The position, velocity and acceleration of a particle executing simple harmonic motion are found to have magnitudes of $$4$$ m, $$2$$ ms$$^{-1}$$ and $$16$$ ms$$^{-2}$$ at a certain instant. The amplitude of the motion is $$\sqrt{x}$$ m, where $$x$$ is ________

We are given the magnitudes of position, velocity, and acceleration of a particle in SHM at a certain instant: $$|x| = 4$$ m, $$|v| = 2$$ m/s, $$|a| = 16$$ m/s$$^2$$. We need to find the amplitude $$A = \sqrt{x}$$ and determine $$x$$.

We recall the fundamental relations in SHM.

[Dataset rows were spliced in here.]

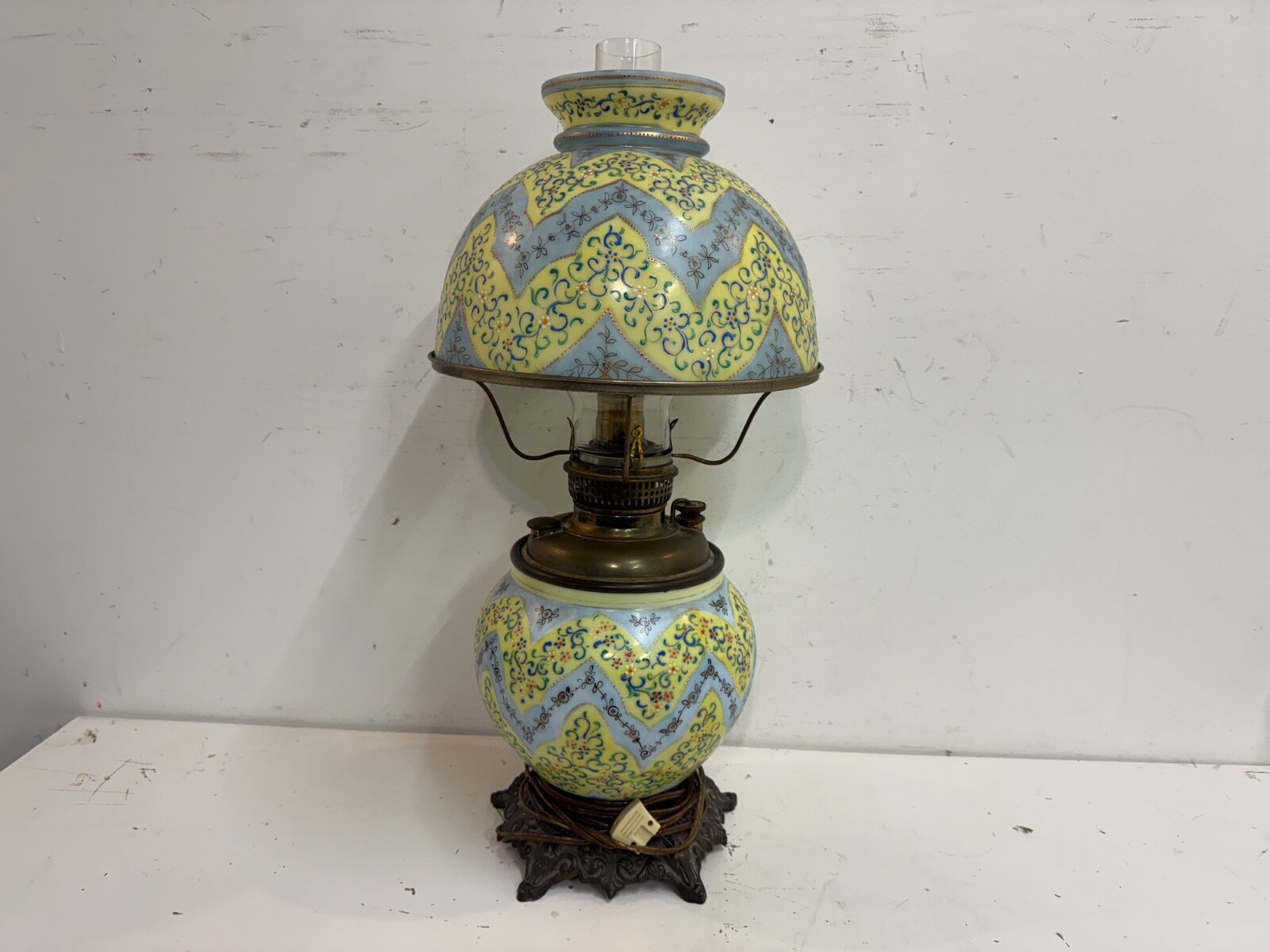 Antique Thomas Webb Moroccan Art Glass Oil Lamp Hand Painted Enamel Victorian Antique Thomas Webb Moroccan Art Glass Oil Lamp Hand Painted Enamel Victorian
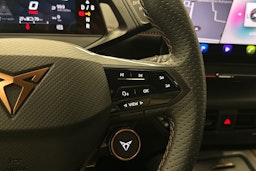 sininen CUPRA Born 2024 kuva 18.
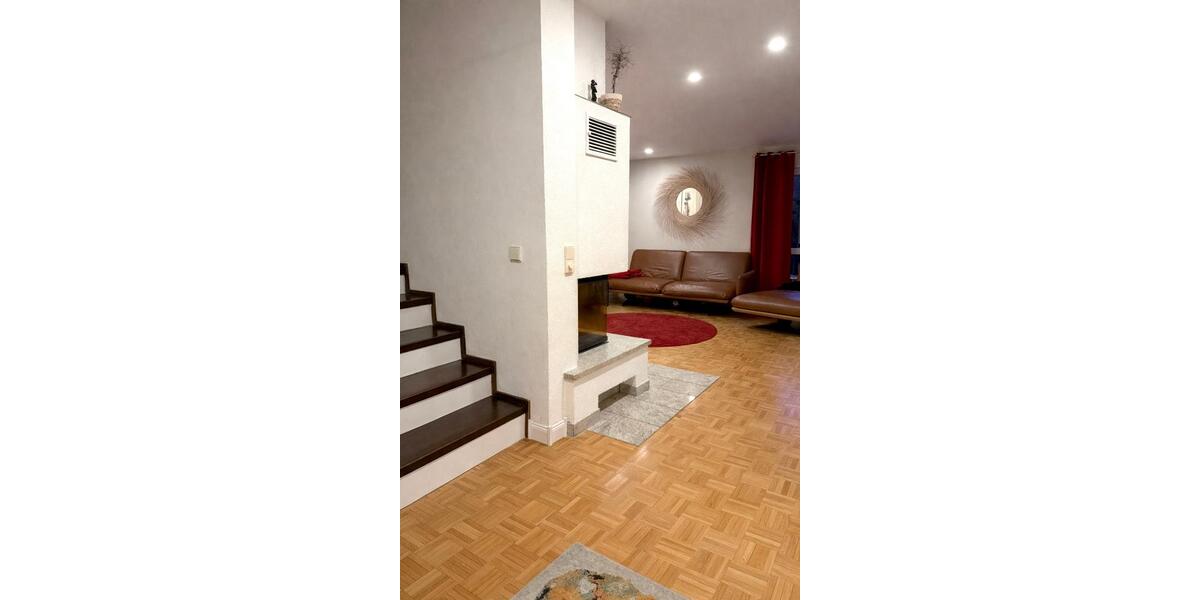 Wohnen auf Zeit Waldbronn - 6 Zimmer, 161 m&sup2;, 2.350&euro; | Angebot:25543385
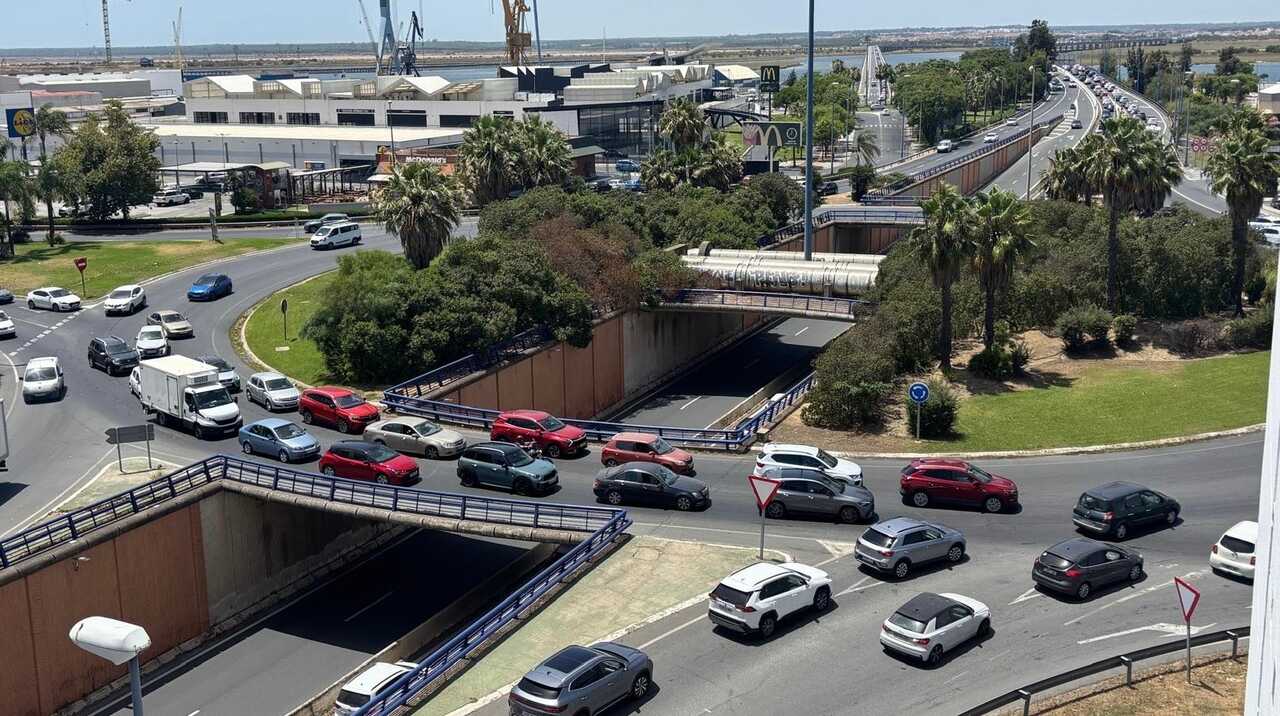 Última hora: importantes retenciones en la salida de Huelva hacia Punta Umbría tras una colisión por alcance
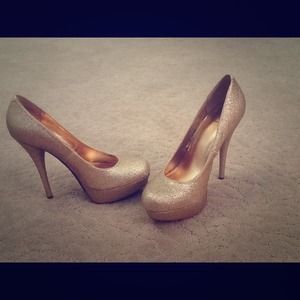 Bakers Victoria Gold Pumps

For a particle executing SHM:

- Displacement: $$x = A\sin(\omega t + \phi)$$

- Velocity: $$v = A\omega\cos(\omega t + \phi)$$

- Acceleration: $$a = -\omega^2 x$$

- Velocity-displacement relation: $$v^2 = \omega^2(A^2 - x^2)$$

Next, we find the angular frequency $$\omega$$.

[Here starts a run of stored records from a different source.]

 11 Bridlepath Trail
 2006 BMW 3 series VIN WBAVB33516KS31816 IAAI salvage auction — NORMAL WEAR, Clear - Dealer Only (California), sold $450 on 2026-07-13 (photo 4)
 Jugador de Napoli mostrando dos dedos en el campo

From the acceleration-displacement relation $$|a| = \omega^2 |x|$$:

$$ \omega^2 = \frac{|a|}{|x|} = \frac{16}{4} = 4 \text{ rad}^2/\text{s}^2 $$

Therefore, $$\omega = 2$$ rad/s.

We then find the amplitude using the velocity-displacement relation.

The relation $$v^2 = \omega^2(A^2 - x^2)$$ connects velocity, angular frequency, amplitude, and displacement. Substituting the known values:

$$ (2)^2 = 4(A^2 - (4)^2) $$

$$ 4 = 4(A^2 - 16) $$

Dividing both sides by 4:

$$ 1 = A^2 - 16 $$

$$ A^2 = 16 + 1 = 17 $$

$$ A = \sqrt{17} \text{ m} $$

Finally, we identify the value of $$x$$.

Since the amplitude is given as $$\sqrt{x}$$ m and we found $$A = \sqrt{17}$$ m:

$$ \sqrt{x} = \sqrt{17} $$

$$ x = 17 $$

The answer is $$\boxed{17}$$.